Every now and then you have a player that would force (or be forced by ) their girlfriend to play... always a disaster, usually derailing the game and she would disappear as soon as they broke up. Then there were the girl who showed up and every gamer tried to pick them up, GM’s showered them with gifts a favors... “I’m a 2nd level moron” says the male gamer “Oh I’m 100th level demi-god” says the girl. Nothing could destroy a campaign like a single girl gamer... not by anything she did, but by all the young bucks trying to gain her affection.


I still remember standing on the top floor of the Baltimore convention center, watching the reaction as a fairly attractive gaming girl walked by below, every guy would turn and gawk, she was the shark in a sea of guppies. I used to get a kick out of the guys trying to pick them up.... Guys wearing t-shirts the heralded their favorite class, dice pouches firmly fastened to their belts and who had the grooming standard of a homeless man... tried to wow these rare creatures with tales of dungeons past and of loot they had acquired.
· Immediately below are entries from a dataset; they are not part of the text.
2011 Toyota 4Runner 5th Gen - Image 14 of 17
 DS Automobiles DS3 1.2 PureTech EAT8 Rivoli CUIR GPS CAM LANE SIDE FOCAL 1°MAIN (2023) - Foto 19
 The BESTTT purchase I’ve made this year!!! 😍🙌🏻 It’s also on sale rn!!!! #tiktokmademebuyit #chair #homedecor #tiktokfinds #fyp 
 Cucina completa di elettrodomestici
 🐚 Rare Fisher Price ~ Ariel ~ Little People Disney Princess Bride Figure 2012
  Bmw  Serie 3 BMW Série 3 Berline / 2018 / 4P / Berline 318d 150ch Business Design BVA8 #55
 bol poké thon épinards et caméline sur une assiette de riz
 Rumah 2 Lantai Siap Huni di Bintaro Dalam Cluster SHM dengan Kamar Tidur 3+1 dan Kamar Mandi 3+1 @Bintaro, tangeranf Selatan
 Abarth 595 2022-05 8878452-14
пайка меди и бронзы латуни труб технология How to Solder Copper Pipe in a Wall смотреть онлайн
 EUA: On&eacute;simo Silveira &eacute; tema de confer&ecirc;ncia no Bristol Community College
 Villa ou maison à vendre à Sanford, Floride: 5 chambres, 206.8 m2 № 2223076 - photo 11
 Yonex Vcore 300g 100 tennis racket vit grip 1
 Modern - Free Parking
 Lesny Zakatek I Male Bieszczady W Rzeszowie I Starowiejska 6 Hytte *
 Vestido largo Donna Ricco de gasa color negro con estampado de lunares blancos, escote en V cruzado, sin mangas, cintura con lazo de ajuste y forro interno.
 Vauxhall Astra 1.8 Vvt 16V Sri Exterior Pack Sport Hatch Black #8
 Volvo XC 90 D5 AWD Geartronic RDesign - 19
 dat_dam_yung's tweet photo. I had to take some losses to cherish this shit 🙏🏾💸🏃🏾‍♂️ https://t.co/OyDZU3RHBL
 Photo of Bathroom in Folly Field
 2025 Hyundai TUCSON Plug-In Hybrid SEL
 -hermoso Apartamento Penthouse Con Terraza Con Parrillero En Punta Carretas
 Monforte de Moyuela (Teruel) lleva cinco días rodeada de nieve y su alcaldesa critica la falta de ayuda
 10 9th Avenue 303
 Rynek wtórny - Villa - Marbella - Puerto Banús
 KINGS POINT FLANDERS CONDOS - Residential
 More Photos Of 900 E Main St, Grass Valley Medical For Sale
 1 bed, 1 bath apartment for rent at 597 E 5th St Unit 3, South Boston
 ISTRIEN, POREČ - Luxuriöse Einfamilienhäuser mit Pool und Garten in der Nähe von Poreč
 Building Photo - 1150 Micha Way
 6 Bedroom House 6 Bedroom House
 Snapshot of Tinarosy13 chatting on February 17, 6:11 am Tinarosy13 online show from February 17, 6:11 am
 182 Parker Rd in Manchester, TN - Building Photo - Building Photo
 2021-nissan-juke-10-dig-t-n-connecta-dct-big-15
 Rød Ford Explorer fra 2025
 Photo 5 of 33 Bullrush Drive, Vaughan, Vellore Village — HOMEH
Things are different now, though geek guys still outnumber geek girls, the numbers have certainly changed. The last group I ran, girls actually outnumbered guys. There was once a super bad social stigma to being a gamer, at least with RPG players, I don’t know if that still applies now a days. I was once ask “are you a satan worshipper” and the news had stories of kids killing themselves when their characters died.... I think we are passed that now.

6 comments:

Clockmaker said...

Also.... the shear social awkwardness we showed when even dealing with women in our own social comfort zone... man LOL

Anonymous said...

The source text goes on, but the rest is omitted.